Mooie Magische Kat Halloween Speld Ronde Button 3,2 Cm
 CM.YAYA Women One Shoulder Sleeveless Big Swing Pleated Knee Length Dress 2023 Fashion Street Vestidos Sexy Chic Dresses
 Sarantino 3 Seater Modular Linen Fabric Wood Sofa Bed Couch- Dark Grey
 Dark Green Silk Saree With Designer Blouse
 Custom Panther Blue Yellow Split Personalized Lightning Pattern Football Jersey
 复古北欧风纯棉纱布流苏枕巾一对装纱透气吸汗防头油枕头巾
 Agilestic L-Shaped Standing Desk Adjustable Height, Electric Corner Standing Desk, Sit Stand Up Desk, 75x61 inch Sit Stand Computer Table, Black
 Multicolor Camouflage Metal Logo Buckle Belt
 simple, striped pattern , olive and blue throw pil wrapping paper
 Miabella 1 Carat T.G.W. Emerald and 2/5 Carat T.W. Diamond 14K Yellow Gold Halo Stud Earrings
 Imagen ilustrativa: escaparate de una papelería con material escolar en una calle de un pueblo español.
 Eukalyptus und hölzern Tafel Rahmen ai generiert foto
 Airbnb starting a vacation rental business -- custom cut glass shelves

━━━

▶ _What you need to do_
Return all lines of the data in which the string "Yellow" appears.

▶ _Exercise solution_
 Custom Panther Blue Yellow Split Personalized Lightning Pattern Football Jersey
 Miabella 1 Carat T.G.W. Emerald and 2/5 Carat T.W. Diamond 14K Yellow Gold Halo Stud Earrings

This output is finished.